Data extract:
┌────────
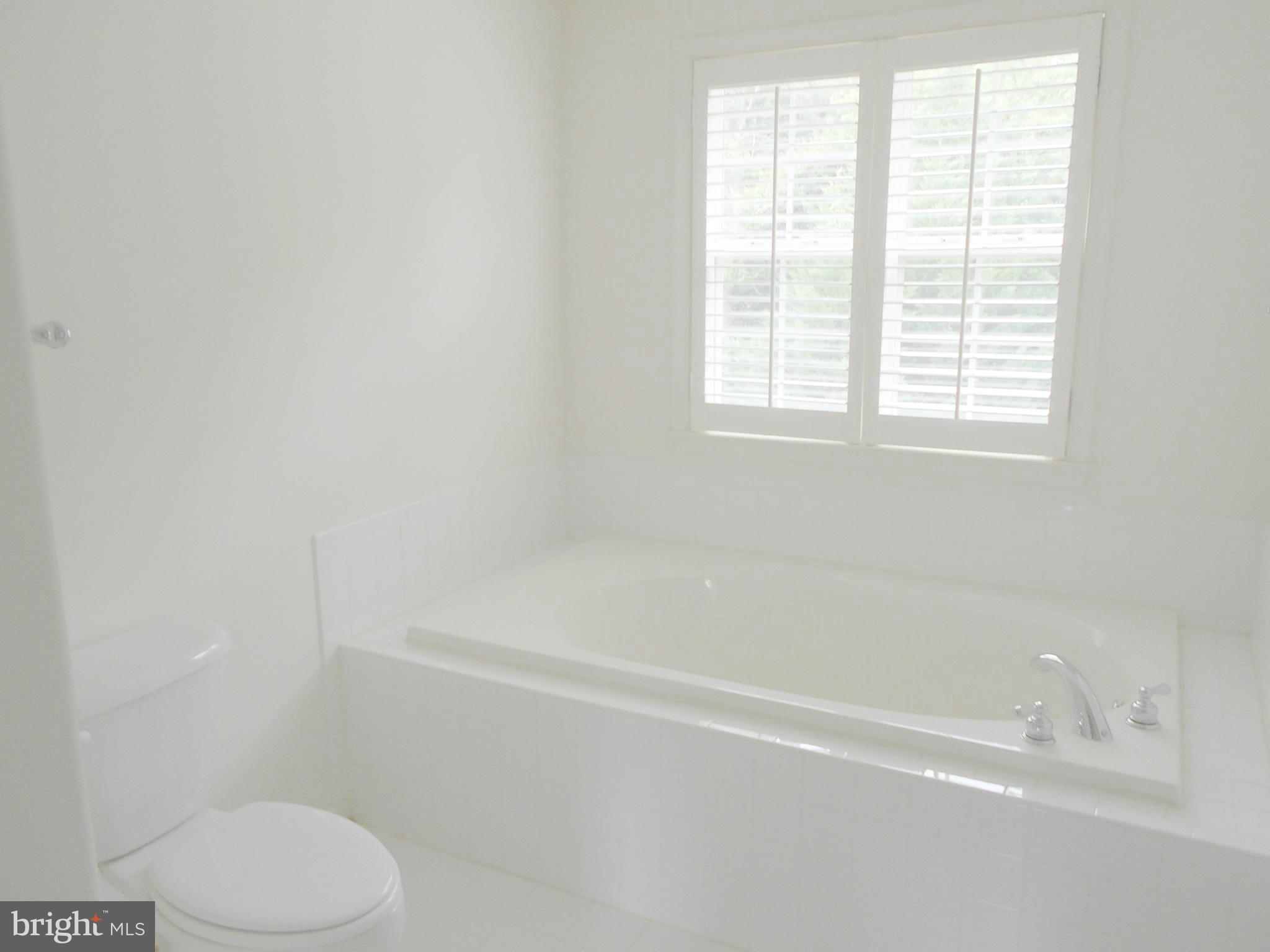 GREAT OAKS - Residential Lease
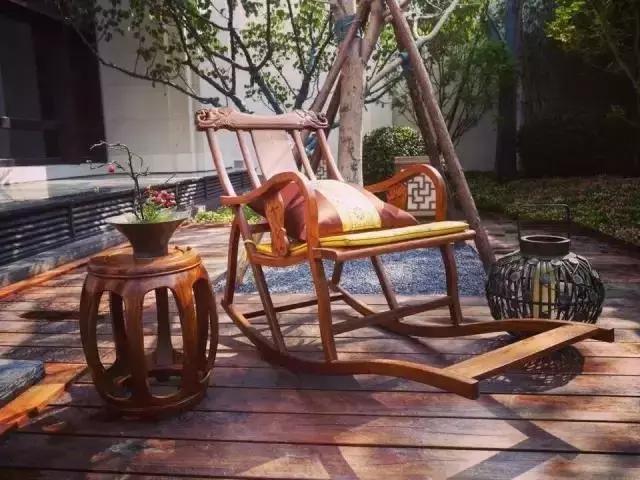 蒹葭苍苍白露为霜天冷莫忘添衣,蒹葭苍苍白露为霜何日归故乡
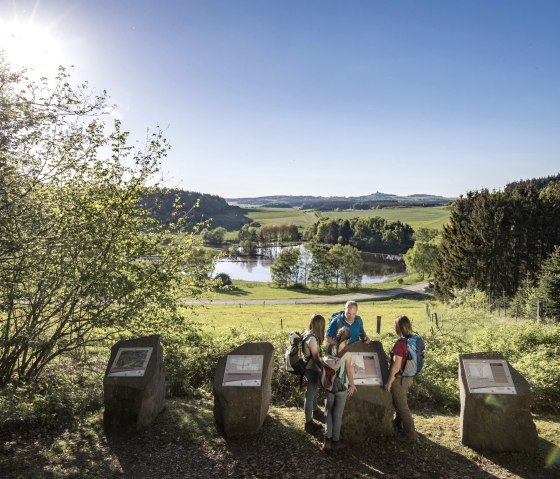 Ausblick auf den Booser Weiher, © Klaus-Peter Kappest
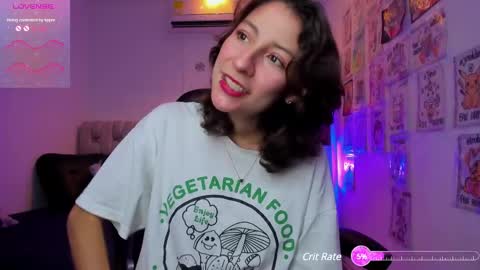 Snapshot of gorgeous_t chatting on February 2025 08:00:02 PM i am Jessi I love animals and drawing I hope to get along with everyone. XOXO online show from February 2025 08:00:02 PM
└────────
Prompt: Copy the listing verbatim, omitting images.

Reply to the task:
 GREAT OAKS - Residential Lease
 蒹葭苍苍白露为霜天冷莫忘添衣,蒹葭苍苍白露为霜何日归故乡
 Ausblick auf den Booser Weiher, © Klaus-Peter Kappest
 Snapshot of gorgeous_t chatting on February 2025 08:00:02 PM i am Jessi I love animals and drawing I hope to get along with everyone. XOXO online show from February 2025 08:00:02 PM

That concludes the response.